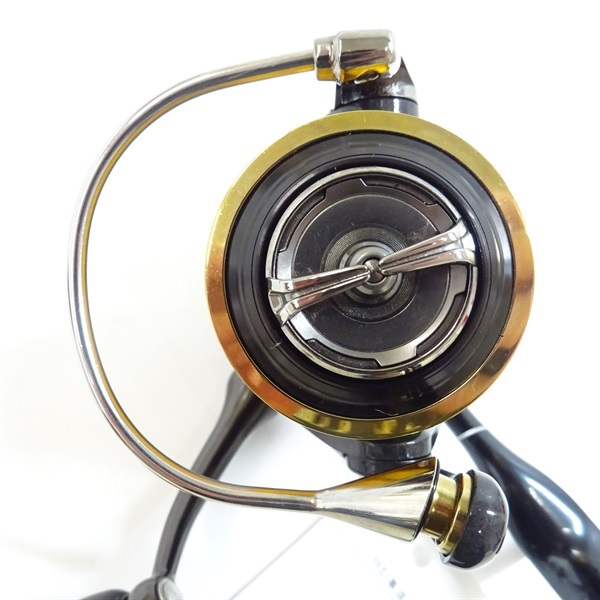 16 セルテート　2004CH Amazon | ダイワ(Daiwa) スピニングリール 16 セルテート 2004CH (2000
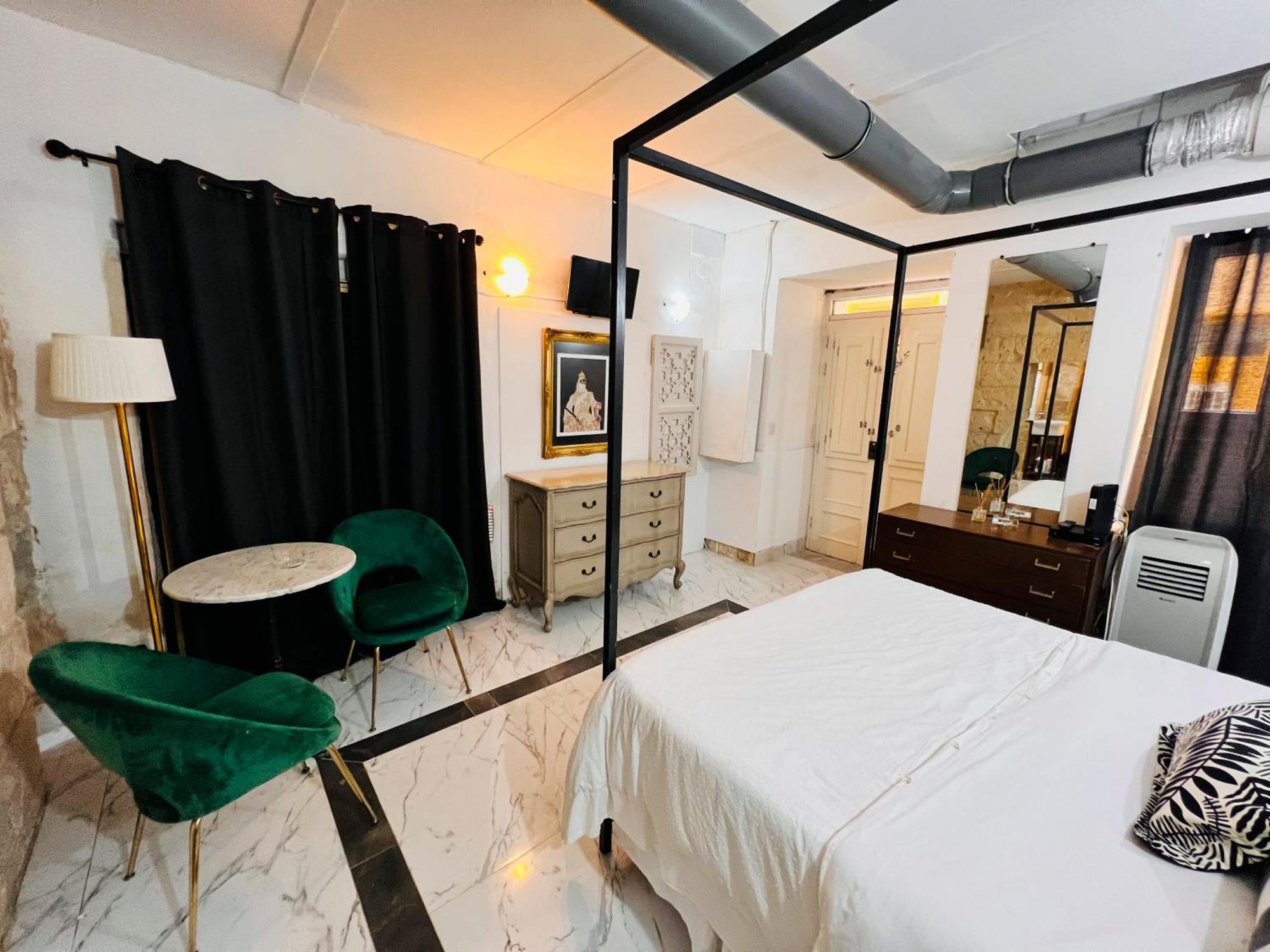 Charming Townhouse Prime Area Valletta Apartment Luaran gambar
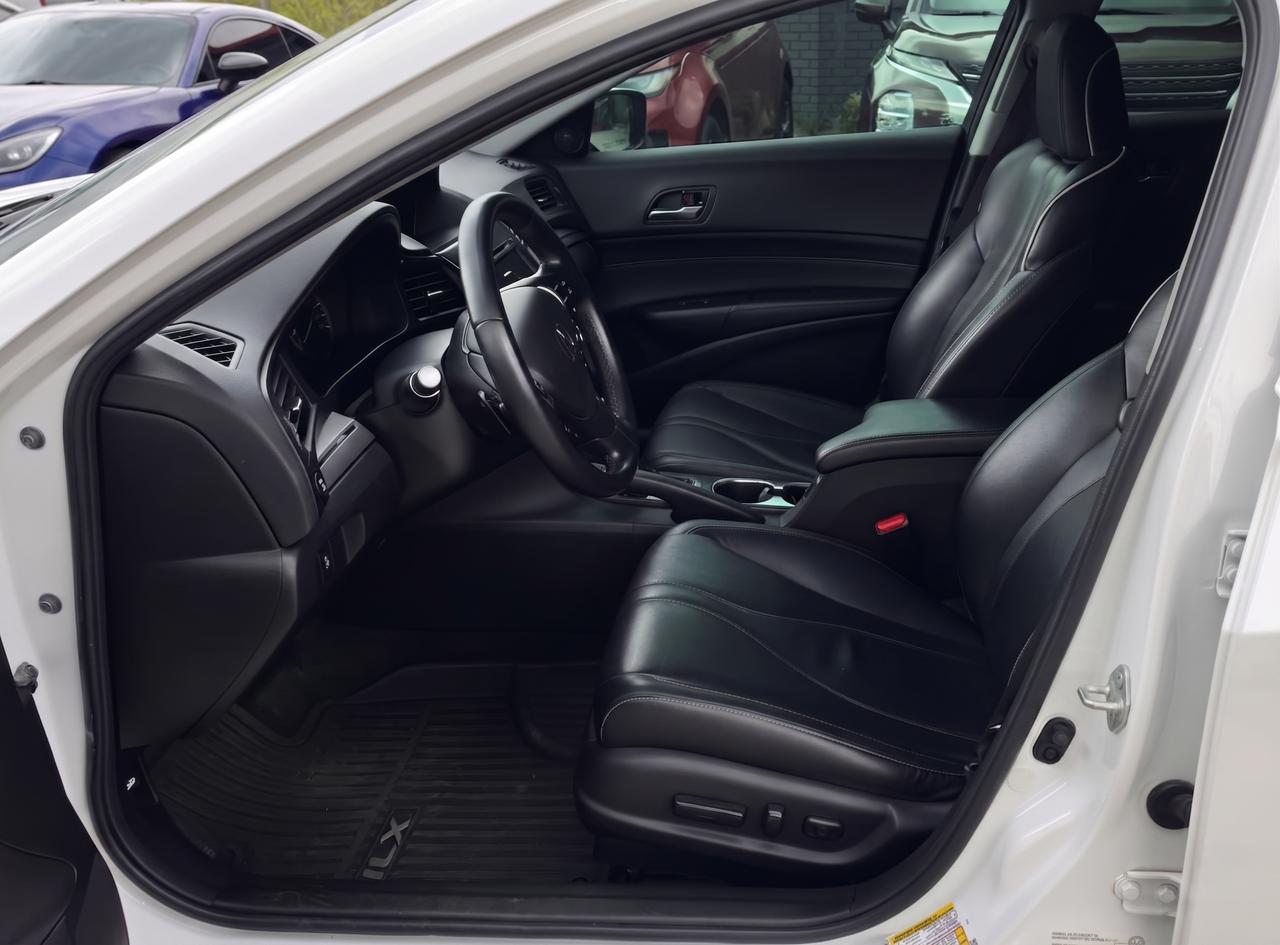 2022 Acura ILX PREMIUM / LEATHER / ROOF / HTD SEATS / BLINDSPOT Photo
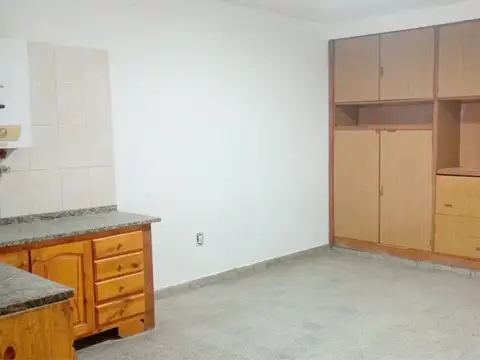 AMPLIA CASA 2 PLANTAS IDEAL USO COMERCIAL OLEGARIO V. ANDRADE Y AV. SAN MARTIN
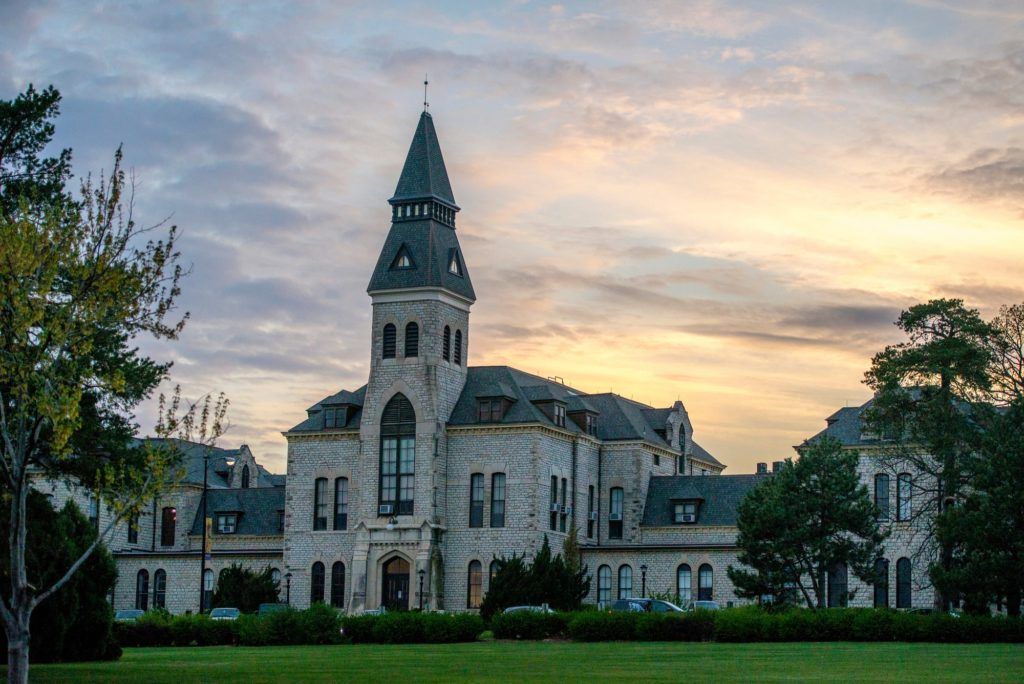 kstatecollegian's tweet photo. K-State rolls out multiphase plan for ‘reawakening’ the university https://t.co/TTdUDycbaL #covid19 #fallsemester #kstate #reawakeningplan https://t.co/zrloWATROp
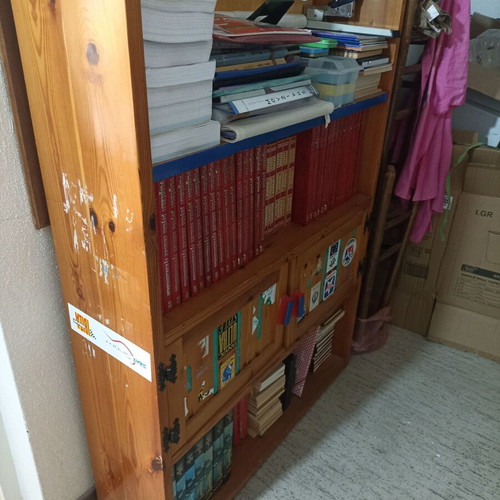 Wooden bookcase large with 4 rows of shelves used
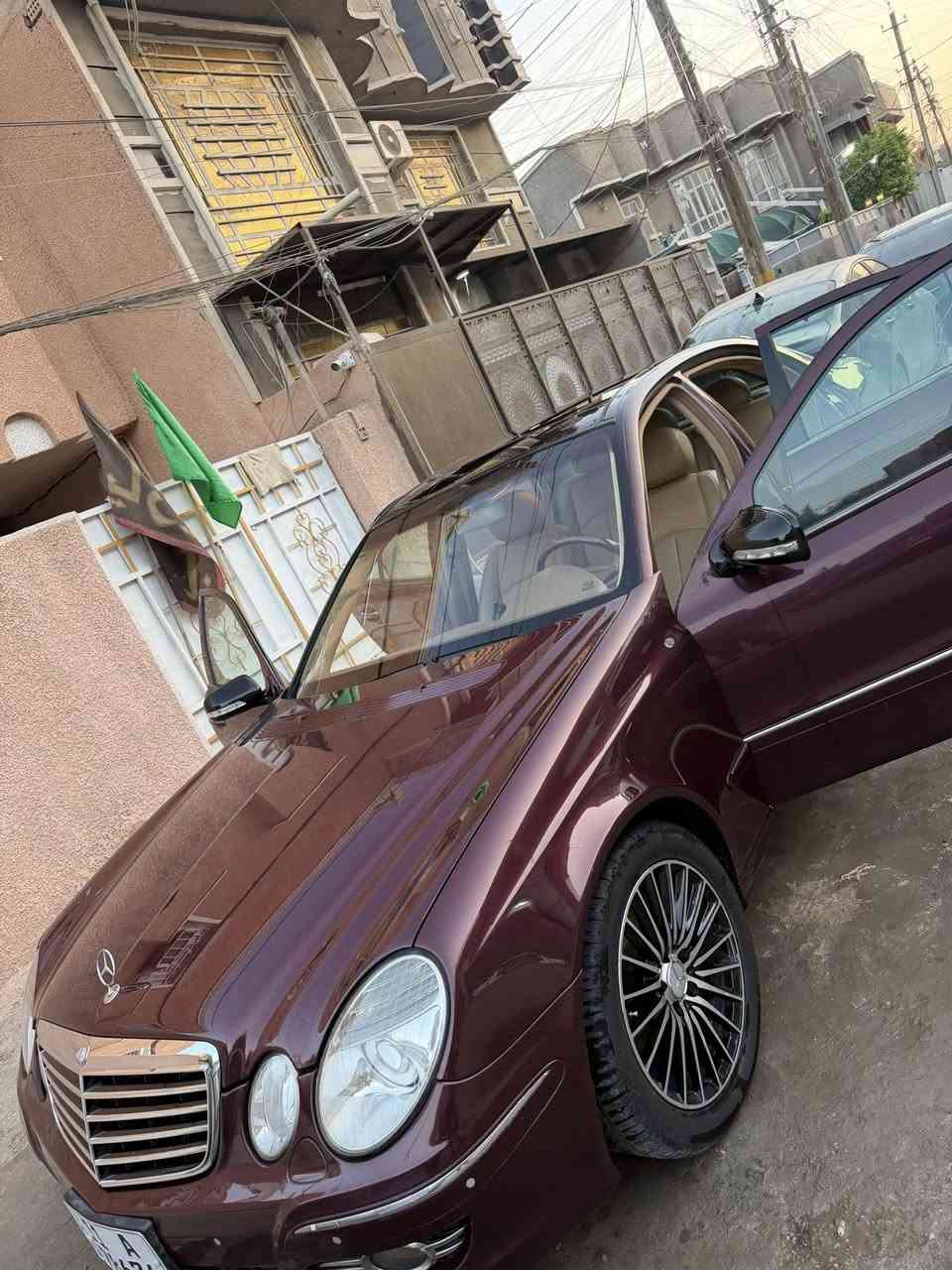 السلام وعليكم مارسدس 211     ٢٠٠٨  350 فول الفول كفاله عامه من كلشي جديده بمعنى الكلمه  
أريد مراوس بمارسدس ام عيون موديل ٢٠٠٠ كون جديده ناشفه أو مارسدس رئاسي هم جديده    مكان بغداد *********** موجود واتساب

What is required> Print the listing verbatim; no pictures.

Written response>
 16 セルテート　2004CH Amazon | ダイワ(Daiwa) スピニングリール 16 セルテート 2004CH (2000
 Charming Townhouse Prime Area Valletta Apartment Luaran gambar
 2022 Acura ILX PREMIUM / LEATHER / ROOF / HTD SEATS / BLINDSPOT Photo
 AMPLIA CASA 2 PLANTAS IDEAL USO COMERCIAL OLEGARIO V. ANDRADE Y AV. SAN MARTIN
 kstatecollegian's tweet photo. K-State rolls out multiphase plan for ‘reawakening’ the university https://t.co/TTdUDycbaL #covid19 #fallsemester #kstate #reawakeningplan https://t.co/zrloWATROp
 Wooden bookcase large with 4 rows of shelves used
 السلام وعليكم مارسدس 211     ٢٠٠٨  350 فول الفول كفاله عامه من كلشي جديده بمعنى الكلمه  
أريد مراوس بمارسدس ام عيون موديل ٢٠٠٠ كون جديده ناشفه أو مارسدس رئاسي هم جديده    مكان بغداد *********** موجود واتساب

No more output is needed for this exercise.